From TPM: ‘Perpetuation Of Racial Entitlement’: Scalia Attacks Congress Over Voting Rights Act | TPMDC

And from Shakesville, the best one of the lot: Shakesville: Reminder: Antonin Scalia is a Racist Asshole

Antonin Scalia argued today that a key provision of the Voting Rights Act is a “racial entitlement.”

He further argued that the increasing popularity of the Act (reauthorized by the Senate in 2006 by a vote of 98-0) reflected the rising fear of being called racist, not a rising general consensus that limiting voting rights by race is a proundly undemocratic and shitty thing to do.

One question: if the fear of being *called* a racist is so intimidating that people will stop *doing* racist things, then exactly how often do we need to call Antonin Scalia a HUGE fucking racist before he changes his ways?

(Answer: Cannot compute at this time. We’re going to have to invent some entirely new math, Isaac Newton style, because Scalia’s racist assholery is truly beyond the measurement of our current science.)

I find all this disturbing, especially when you think about the recent decision from the Census Bureau to stop using the word Negro.

Census Bureau To Stop Use Of Word Negro In Surveys

U.S. Dropping Use Of ‘Negro’ On Census Surveys

After more than a century, the Census Bureau is dropping its use of the word “Negro” to describe black Americans in surveys.Instead of the term that came into use during the Jim Crow era of racial segregation, census forms will use the more modern labels “black” or “African-American”.The change will take effect next year when the Census Bureau distributes its annual American Community Survey to more than 3.5 million U.S. households, Nicholas Jones, chief of the bureau’s racial statistics branch, said in an interview.He pointed to months of public feedback and census research that concluded few black Americans still identify with being Negro and many view the term as “offensive and outdated.”

“This is a reflection of changing times, changing vocabularies and changing understandings of what race means in this country,” said Matthew Snipp, a sociology professor at Stanford University, who writes frequently on race and ethnicity. “For younger African-Americans, the term ‘Negro’ harkens back to the era when African-Americans were second-class citizens in this country.”
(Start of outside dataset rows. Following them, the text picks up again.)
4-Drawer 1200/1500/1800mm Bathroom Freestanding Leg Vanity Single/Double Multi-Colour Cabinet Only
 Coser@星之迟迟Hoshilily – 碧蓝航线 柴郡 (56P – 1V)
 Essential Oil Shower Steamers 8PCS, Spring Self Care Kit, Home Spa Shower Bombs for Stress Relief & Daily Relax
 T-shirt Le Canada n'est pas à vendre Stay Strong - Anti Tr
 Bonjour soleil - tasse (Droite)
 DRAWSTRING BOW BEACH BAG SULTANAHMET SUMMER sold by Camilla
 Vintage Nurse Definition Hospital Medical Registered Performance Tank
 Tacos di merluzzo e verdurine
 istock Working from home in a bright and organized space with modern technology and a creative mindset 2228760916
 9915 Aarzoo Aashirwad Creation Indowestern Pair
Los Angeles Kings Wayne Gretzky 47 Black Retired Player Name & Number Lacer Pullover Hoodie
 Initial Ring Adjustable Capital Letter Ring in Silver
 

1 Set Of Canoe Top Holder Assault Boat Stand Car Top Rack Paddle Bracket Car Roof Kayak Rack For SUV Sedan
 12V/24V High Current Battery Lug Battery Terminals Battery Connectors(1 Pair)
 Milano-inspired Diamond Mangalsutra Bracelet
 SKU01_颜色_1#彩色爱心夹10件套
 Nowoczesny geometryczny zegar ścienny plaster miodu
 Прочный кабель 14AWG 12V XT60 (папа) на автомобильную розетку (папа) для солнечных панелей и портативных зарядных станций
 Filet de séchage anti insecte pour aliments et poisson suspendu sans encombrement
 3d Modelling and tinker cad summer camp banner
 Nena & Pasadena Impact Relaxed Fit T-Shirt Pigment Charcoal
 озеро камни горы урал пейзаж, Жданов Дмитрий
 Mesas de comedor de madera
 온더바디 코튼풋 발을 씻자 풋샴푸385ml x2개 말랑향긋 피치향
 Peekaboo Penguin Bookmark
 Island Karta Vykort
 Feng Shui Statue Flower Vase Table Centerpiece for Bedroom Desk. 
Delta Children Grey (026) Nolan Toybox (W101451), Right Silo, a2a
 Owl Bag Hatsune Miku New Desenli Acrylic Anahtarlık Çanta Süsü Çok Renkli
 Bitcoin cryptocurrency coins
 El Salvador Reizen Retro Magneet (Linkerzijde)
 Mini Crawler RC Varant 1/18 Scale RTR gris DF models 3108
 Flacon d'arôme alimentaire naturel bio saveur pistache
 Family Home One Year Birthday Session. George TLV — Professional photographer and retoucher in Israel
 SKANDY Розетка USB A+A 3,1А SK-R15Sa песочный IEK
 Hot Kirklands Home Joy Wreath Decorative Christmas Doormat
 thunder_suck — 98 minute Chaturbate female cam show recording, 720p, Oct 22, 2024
First used in the census in 1900, “Negro” became the most common way of referring to black Americans through most of the early 20th century, during a time of racial inequality and segregation. “Negro” itself had taken the place of “colored.” Starting with the 1960s civil rights movement, black activists began to reject the “Negro” label and came to identify themselves as black or African-American.

What did Scalia call the Voting Rights Act again?  A “perpetuation of racial entitlement.”


Let’s end this with a funny story.

Scientifically Accurate Spider-Man Video | Geekosystem

Earlier this week we looked at a paper that examined the physics behind the train stop scene in Spider-Man 2 that put a little science before our friendly neighborhood Spider-Man, but that clearly wasn’t enough for the people at Fox’s Animation Domination High Def. They went a few steps further to create Scientifically Accurate Spider-Man to give us a look a what a real man/spider hybrid would look like, and it isn’t pretty. It’s also not safe for work, unless your work is writing about weirdly graphic Spider-Man parody cartoons. Then you’re probably fine.

There’s a lot of things about Spider-Man that don’t make scientific sense that we just kind of accept because the alternative is too bizarre. One example is that spiders don’t shoot webs from their wrists, they shoot them from the general vicinity of their butts. Those little hairs Spidey uses to climb walls? They’d be all over his body, not just his hands and feet.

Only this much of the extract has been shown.